▶ EXERCISE
Your copy starts at the line containing "this 1024×768 image." and ends at the last line below. Copy exactly, without pictures.

Stored entries
▼

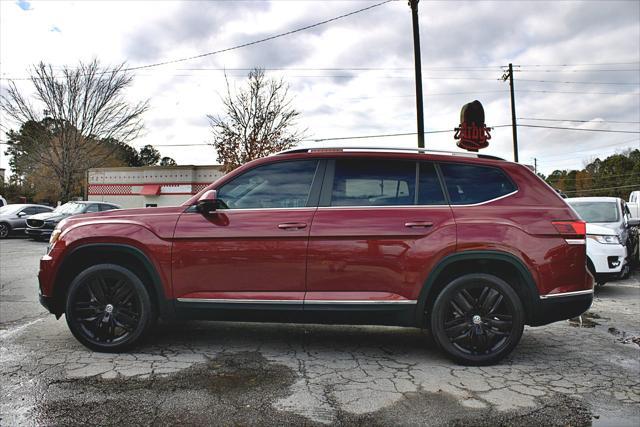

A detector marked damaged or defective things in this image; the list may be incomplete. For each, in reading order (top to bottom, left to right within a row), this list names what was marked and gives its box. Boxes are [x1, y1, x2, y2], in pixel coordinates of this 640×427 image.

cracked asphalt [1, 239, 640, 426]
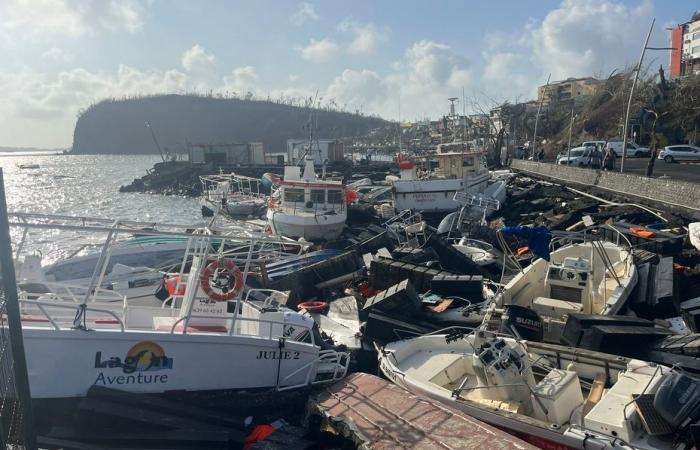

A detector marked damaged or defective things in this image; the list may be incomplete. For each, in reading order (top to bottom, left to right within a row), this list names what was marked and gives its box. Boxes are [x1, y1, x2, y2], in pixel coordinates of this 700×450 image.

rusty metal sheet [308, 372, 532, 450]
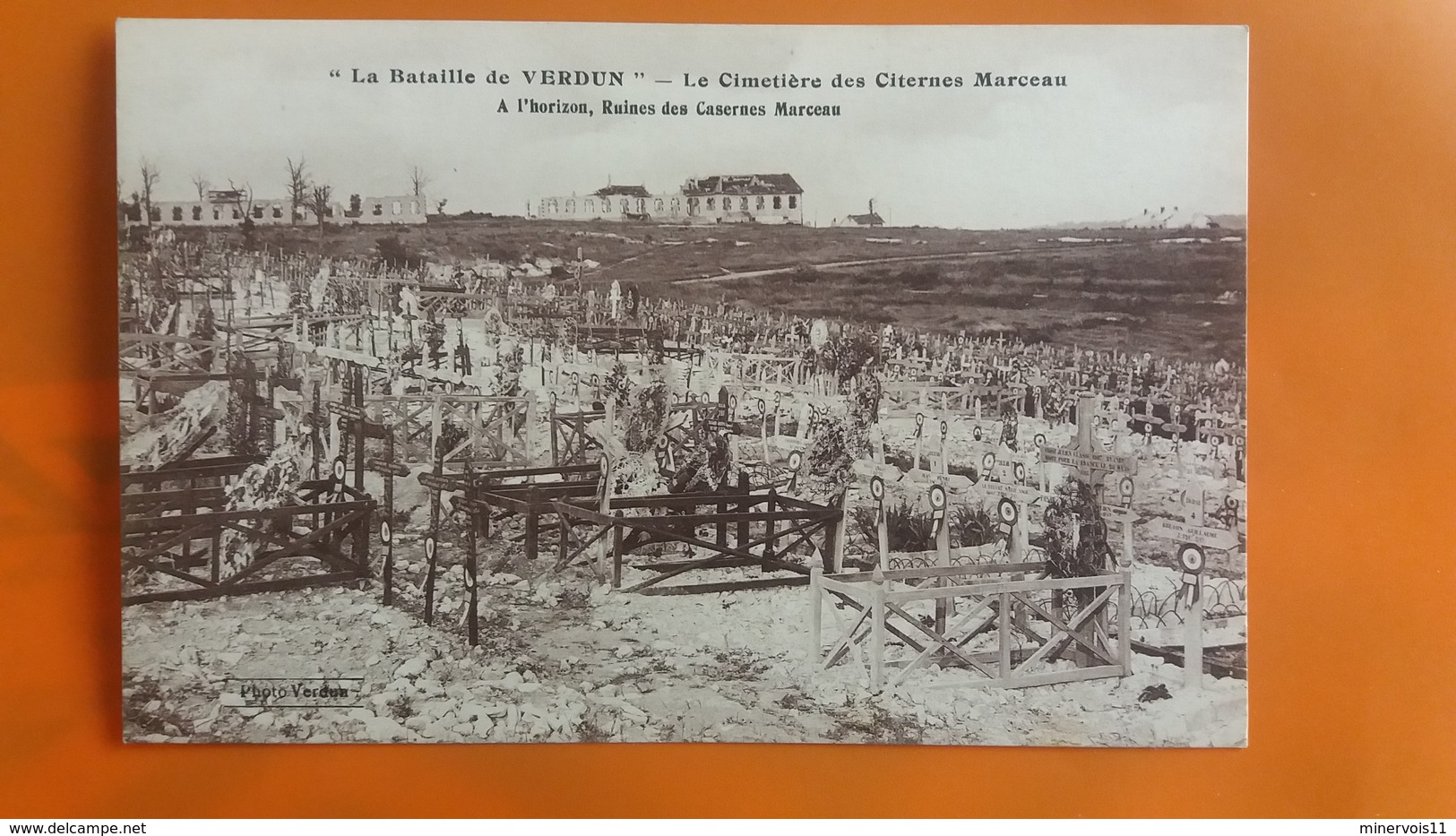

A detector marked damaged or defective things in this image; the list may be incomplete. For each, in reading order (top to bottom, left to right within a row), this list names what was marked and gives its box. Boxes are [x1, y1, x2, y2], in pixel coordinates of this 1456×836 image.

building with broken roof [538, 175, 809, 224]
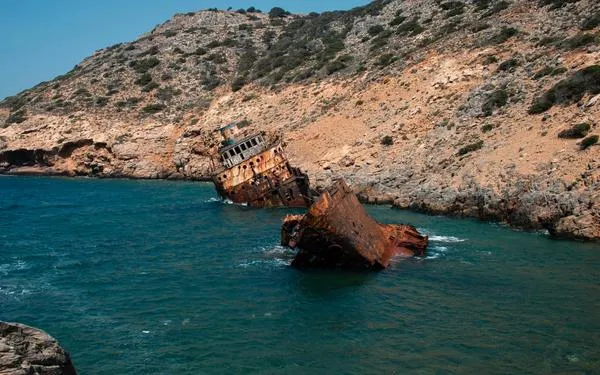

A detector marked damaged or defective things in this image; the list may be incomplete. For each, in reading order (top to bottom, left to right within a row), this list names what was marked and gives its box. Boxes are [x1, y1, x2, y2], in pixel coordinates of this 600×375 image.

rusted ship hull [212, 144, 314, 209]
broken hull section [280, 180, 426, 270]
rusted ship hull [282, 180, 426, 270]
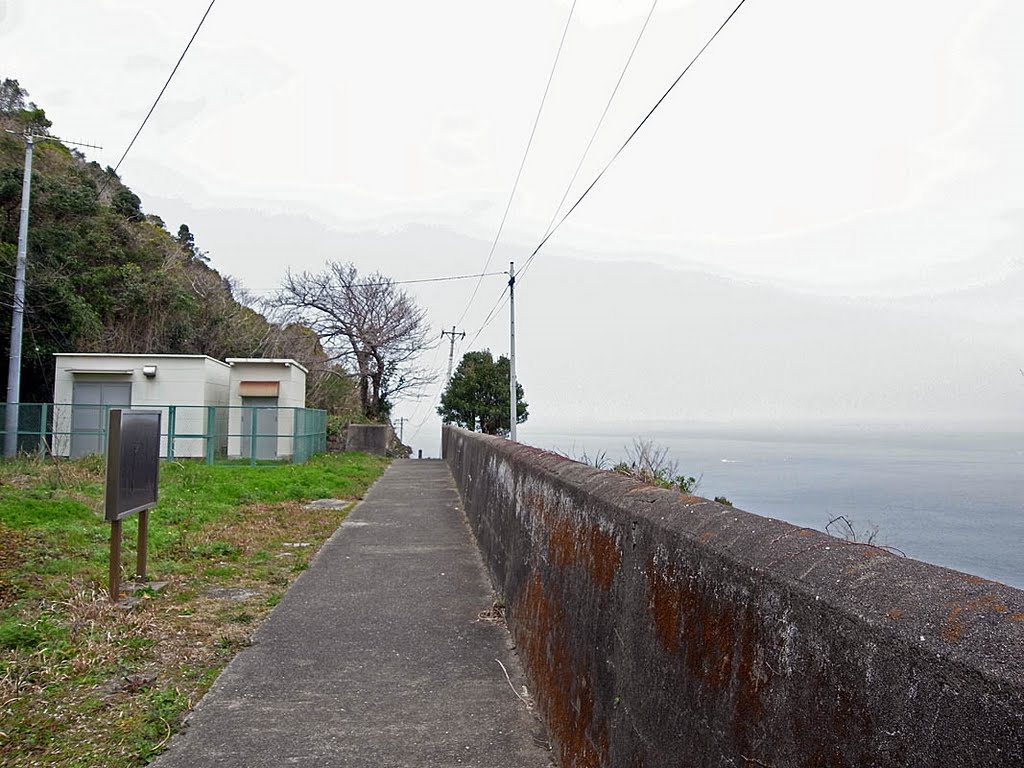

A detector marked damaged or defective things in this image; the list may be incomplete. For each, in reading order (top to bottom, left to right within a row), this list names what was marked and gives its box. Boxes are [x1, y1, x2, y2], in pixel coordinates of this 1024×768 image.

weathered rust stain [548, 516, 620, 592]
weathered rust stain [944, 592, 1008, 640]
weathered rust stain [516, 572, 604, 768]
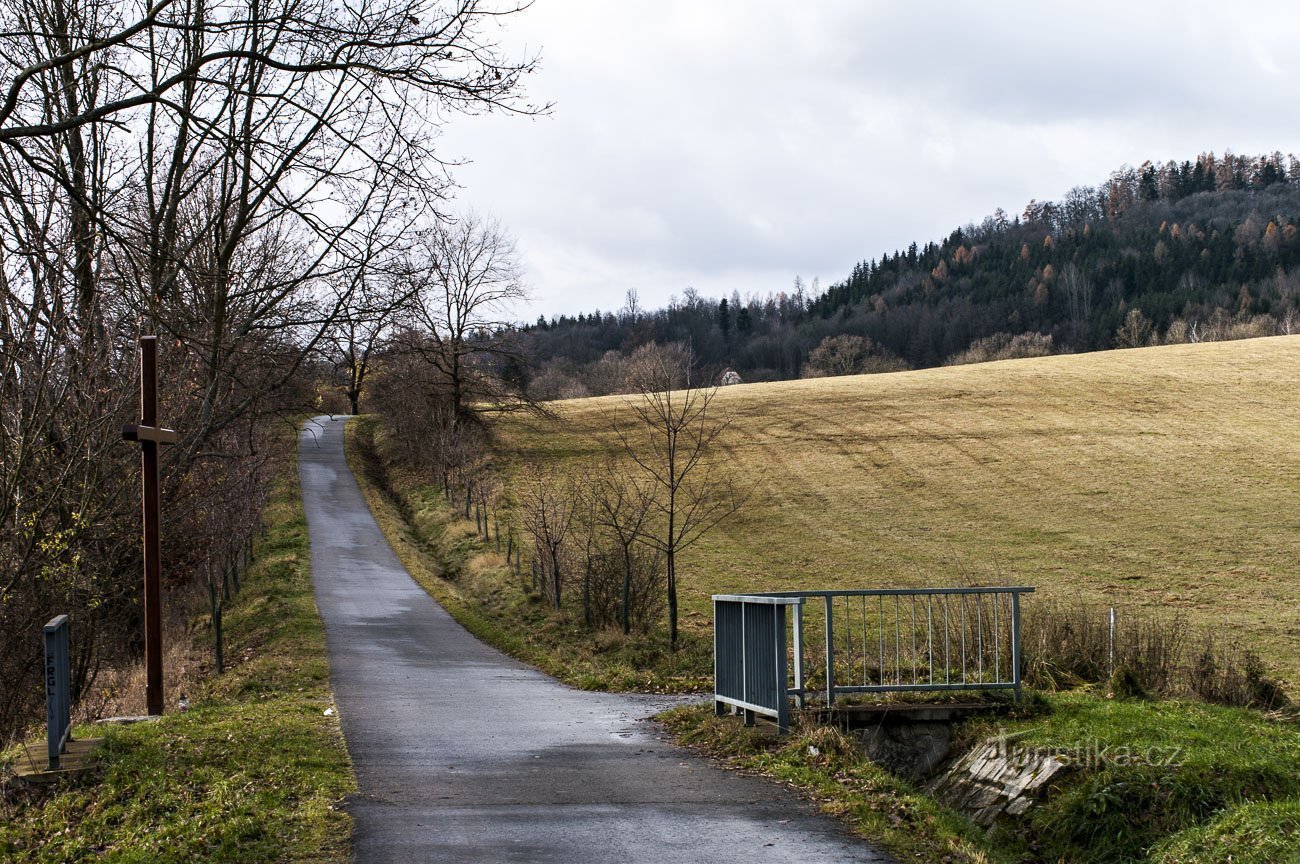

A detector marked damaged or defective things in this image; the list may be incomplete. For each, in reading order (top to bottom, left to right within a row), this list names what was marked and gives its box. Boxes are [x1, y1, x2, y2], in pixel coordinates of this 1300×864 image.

▲

▶ RESPONSE BELOW
A detector marked damaged or defective things in this image; the list may be incomplete. For each, in reading order (top to bottom, left to right within a row), this list names what was marked and gives its box. Boxes are [x1, y1, x2, y2], in pixel coordinates of this 1024×768 image.

weathered rust stain [548, 516, 620, 592]
weathered rust stain [944, 592, 1008, 640]
weathered rust stain [516, 572, 604, 768]

A detector marked damaged or defective things in this image; the list may be incomplete. For each, in reading order (top to bottom, left to right within a row), this list names what was marked and gives its box. Boxes are [x1, y1, x2, y2], in pixel coordinates of this 1300×864 image.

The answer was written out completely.